Social media blows and for the most part is a waste of time. Limit your time on social media or get off completely. Focus on your own life. If there are things in your marriage that you can work on, focus on that or work on improving your finances, etc. If you love your husband and are happy other than the financial aspect don't waste time wishing you were with a guy that made more money. Seriously. I look back and am really thankful that I didn't let my envy re: money influence me to throw away or ruin a good thing.


I am 34 and also not a better person than OP. Guess what, I got off of Facebook and really do not struggle with these feelings of inadequacy anymore! My own life is busy enough and making your life the way you want it to be is work. I am happy with my life and kids and working hard to make the changes I want to make as an individual and in reality without social media in the mix I don’t really have a lot of time to dwell on other people.
Anonymous
Married when I was 24, divorced when I was 43. The only good thing to come out of the marriage are the kids. Don’t be jealous, OP. Seriously.
Anonymous
The OP is married. She mentioned her husband in her very first post! Why do people keep referring to her as being single??

The posters on this board have the worst reading comprehension! Especially the super idiot who posted right after the OP and told her to enjoy her singlehood, lol.

For a supposedly well educated group, I'm just not impressed with the reasoning and deduction skills of the DCUM crowd.
Anonymous
Hey OP! I married in my early twenties Have 3 kids and a very nice but messy house.

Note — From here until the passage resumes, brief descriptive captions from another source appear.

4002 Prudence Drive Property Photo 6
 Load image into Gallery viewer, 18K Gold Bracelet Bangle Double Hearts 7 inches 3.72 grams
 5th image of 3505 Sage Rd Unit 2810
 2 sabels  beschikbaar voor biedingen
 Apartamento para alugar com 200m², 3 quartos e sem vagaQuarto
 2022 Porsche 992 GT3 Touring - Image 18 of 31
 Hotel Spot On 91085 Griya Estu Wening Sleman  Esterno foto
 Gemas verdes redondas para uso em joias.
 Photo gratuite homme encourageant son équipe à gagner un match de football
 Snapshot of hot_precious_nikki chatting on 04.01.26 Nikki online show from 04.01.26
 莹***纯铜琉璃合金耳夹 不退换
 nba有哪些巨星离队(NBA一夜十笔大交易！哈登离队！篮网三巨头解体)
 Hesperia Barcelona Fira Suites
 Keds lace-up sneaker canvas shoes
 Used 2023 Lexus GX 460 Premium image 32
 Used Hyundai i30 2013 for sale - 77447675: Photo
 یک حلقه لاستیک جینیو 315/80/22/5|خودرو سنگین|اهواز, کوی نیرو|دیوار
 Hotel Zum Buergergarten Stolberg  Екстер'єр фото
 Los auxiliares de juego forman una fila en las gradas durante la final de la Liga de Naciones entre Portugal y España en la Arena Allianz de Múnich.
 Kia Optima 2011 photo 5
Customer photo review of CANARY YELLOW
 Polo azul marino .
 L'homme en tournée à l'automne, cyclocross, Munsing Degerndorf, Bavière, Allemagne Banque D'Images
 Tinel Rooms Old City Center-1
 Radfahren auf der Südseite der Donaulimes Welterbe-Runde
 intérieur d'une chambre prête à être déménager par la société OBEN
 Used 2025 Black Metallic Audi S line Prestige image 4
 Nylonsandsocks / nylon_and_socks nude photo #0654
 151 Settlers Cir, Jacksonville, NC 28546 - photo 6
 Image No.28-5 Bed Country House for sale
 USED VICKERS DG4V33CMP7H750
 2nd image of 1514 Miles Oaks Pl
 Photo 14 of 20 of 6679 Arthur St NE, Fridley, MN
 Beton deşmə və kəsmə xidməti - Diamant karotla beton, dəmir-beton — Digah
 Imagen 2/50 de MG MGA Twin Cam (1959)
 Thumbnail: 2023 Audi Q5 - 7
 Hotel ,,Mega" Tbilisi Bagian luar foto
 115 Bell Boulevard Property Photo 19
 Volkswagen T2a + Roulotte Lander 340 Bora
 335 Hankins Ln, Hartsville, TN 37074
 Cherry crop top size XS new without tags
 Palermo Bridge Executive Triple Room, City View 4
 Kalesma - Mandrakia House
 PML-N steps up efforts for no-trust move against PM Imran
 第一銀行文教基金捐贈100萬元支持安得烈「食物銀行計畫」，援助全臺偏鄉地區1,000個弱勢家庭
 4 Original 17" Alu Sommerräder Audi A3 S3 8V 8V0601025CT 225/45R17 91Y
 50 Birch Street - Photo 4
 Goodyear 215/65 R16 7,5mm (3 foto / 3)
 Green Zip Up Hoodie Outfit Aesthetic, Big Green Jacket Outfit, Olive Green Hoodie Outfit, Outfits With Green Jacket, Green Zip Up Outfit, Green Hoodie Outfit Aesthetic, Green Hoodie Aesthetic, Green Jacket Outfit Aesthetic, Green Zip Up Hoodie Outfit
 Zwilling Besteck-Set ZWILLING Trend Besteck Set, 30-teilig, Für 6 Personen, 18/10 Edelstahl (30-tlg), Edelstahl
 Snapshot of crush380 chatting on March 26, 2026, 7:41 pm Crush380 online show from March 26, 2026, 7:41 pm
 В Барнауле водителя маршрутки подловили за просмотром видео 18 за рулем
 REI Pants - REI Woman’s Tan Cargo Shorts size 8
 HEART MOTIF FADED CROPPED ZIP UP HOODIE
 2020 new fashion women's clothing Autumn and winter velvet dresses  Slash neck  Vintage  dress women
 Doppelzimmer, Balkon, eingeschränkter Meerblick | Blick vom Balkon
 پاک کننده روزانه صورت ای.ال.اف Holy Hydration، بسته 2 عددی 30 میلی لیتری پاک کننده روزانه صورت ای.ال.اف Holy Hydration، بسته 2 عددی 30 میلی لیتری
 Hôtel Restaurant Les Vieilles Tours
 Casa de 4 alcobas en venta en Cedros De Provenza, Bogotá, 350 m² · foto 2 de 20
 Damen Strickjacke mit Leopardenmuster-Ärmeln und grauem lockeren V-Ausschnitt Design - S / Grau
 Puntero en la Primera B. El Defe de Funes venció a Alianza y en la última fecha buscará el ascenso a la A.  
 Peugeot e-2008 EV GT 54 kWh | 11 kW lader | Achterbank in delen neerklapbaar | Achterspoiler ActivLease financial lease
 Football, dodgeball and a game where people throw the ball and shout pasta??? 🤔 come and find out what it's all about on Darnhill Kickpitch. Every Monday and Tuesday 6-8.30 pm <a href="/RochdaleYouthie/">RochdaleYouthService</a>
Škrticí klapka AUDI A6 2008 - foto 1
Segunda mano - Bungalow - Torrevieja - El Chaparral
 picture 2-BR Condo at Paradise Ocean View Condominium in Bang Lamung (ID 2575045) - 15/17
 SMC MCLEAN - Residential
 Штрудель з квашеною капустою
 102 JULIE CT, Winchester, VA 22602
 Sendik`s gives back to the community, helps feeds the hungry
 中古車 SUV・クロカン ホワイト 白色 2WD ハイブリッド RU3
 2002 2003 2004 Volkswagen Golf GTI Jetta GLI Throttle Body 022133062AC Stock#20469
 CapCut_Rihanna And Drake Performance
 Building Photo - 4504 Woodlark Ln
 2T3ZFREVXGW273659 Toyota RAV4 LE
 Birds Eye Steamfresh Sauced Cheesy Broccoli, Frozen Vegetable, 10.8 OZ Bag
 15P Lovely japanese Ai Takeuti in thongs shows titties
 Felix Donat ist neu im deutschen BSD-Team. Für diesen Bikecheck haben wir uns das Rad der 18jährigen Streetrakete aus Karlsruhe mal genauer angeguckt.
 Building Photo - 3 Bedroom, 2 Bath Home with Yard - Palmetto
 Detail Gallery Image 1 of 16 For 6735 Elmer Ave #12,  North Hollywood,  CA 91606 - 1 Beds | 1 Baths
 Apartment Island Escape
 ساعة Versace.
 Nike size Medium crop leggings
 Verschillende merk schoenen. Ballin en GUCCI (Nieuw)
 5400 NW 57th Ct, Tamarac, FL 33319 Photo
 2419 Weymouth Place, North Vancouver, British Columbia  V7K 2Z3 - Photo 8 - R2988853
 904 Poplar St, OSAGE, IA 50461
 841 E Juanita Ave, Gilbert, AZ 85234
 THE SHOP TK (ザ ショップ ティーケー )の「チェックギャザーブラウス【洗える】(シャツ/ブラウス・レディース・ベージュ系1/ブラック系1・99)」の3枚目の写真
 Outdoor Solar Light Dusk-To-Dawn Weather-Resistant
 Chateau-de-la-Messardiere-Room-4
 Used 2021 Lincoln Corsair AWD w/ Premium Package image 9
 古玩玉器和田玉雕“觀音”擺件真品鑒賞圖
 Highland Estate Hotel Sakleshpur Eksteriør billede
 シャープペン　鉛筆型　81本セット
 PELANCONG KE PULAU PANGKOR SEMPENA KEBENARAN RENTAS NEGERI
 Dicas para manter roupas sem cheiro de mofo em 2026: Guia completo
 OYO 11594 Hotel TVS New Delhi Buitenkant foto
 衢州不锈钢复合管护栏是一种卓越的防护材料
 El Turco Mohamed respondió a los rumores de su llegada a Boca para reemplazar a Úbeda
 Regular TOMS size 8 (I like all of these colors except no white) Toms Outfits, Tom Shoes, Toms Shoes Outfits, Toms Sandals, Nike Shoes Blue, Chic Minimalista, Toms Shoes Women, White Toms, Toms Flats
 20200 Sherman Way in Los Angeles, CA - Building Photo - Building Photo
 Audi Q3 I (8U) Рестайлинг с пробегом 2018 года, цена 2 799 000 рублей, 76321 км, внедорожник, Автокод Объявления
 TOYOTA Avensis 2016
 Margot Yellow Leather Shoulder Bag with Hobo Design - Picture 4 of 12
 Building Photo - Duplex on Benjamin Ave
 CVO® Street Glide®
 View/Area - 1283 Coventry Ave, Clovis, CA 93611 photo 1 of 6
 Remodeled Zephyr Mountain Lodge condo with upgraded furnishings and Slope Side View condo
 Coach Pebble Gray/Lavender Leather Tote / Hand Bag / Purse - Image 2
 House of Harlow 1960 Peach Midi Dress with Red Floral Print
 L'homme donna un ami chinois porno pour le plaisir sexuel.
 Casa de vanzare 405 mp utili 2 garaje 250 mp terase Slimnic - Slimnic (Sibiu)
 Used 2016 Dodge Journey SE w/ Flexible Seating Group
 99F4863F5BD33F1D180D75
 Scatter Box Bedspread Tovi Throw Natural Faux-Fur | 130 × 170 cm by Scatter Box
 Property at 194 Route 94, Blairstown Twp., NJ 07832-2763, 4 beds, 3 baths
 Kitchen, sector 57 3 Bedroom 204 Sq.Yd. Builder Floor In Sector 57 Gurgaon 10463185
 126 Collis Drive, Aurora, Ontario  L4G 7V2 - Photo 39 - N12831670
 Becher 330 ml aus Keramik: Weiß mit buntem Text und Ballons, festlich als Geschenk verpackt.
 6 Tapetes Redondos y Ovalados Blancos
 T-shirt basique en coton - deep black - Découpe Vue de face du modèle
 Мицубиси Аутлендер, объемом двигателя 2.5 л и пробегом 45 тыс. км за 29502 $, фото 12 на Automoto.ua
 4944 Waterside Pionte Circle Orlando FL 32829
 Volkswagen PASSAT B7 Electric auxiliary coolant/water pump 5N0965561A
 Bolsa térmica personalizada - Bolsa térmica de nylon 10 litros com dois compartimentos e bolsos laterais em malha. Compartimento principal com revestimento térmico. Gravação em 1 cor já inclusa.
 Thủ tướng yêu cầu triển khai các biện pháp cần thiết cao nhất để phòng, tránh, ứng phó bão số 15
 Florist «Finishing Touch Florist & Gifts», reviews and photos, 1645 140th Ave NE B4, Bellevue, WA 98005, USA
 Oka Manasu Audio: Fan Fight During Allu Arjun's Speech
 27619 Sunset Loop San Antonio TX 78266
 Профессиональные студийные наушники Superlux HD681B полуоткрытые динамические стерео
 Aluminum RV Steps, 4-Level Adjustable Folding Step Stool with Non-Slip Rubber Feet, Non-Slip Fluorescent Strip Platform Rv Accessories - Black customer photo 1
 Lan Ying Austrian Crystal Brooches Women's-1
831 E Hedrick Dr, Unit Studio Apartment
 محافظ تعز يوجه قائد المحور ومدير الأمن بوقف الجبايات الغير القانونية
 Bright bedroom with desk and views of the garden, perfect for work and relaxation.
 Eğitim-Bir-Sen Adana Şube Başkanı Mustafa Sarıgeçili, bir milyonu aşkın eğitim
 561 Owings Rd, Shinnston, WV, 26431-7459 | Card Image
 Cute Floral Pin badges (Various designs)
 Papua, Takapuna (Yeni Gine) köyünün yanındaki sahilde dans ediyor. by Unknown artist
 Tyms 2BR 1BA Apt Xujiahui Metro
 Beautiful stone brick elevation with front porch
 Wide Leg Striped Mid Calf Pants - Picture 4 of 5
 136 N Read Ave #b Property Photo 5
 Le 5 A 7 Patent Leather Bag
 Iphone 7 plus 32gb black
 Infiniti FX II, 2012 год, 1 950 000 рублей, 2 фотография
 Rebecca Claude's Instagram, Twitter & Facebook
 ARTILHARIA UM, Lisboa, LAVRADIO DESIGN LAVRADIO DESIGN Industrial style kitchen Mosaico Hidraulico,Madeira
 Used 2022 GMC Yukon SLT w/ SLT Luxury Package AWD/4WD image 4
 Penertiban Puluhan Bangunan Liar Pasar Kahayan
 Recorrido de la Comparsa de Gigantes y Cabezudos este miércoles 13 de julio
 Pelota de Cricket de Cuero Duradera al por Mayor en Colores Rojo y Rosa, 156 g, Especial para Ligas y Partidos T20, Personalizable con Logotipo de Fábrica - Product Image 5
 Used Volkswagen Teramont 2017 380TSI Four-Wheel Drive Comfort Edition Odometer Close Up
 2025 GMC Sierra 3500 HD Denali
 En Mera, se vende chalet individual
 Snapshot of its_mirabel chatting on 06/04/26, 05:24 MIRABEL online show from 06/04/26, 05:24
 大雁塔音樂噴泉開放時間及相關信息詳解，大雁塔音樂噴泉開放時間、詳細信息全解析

You can borrow them at any time.
Anonymous
All this speculation about how her friends aren’t doing well is stupid.

You do know there are a lot of happy rich people out there right? Easier to be happy when you’re rich vs. poor.
Anonymous
I work at a family law firm and have seen it all. Nothing to be envious about. Fakebook is fun but keep it light.

Run your race.
Anonymous
Don’t follow FB. I am 29, female, and single. Personally never cared to be married by 30, and don’t want kids until at least 35. I know two guys that got married out of college. Both put on a picture perfect life in social media, but are super unhappy. Both cheat on their wives. Have a couple of friends who are already divorced. I’m personally fine waiting until I’m older to settle down.
Anonymous
Anonymous wrote:I just noticed a friend of my younger sisters is pregnant on my Facebook feed. She is 26.married at 24. Her husband is also 26. I notice he is a stem major and probably makes bank. They look like they have their life figured out.

Meanwhile husband and I are early thirties. Still can’t afgord a child. Or a house.

Lol. Feel like a loser.


I think it depends on a person's personality really.

I got married at 24, DH was 35. So he was well established in his career when we married and its been an easy road. I love that I married young by todays standards. It probably wouldn't suit other people. Been married almost 22 years.
Anonymous
I don’t understand what marrying young has to do with you & your spouses’s educational choices - aka not STEM.

I got married at 25 and am about to turn 35. We too were not in the STEM field so had to work our way up. Couldn’t afford a kid in DC until age 32 and realized we have infertility struggles. The only benefit of not yet having a kid is that we’ve saved a lot toward a down payment so we can buy a nice home around here with a decent commute soon.

Marriage at any age has nothing to do with career field areas.

Also get off FB and stop comparing your life to others who probably live in a lower COL area.

Anonymous
Anonymous wrote:Don’t follow FB. I am 29, female, and single. Personally never cared to be married by 30, and don’t want kids until at least 35. I know two guys that got married out of college. Both put on a picture perfect life in social media, but are super unhappy. Both cheat on their wives. Have a couple of friends who are already divorced. I’m personally fine waiting until I’m older to settle down.


I know many guys cheating on their spouses.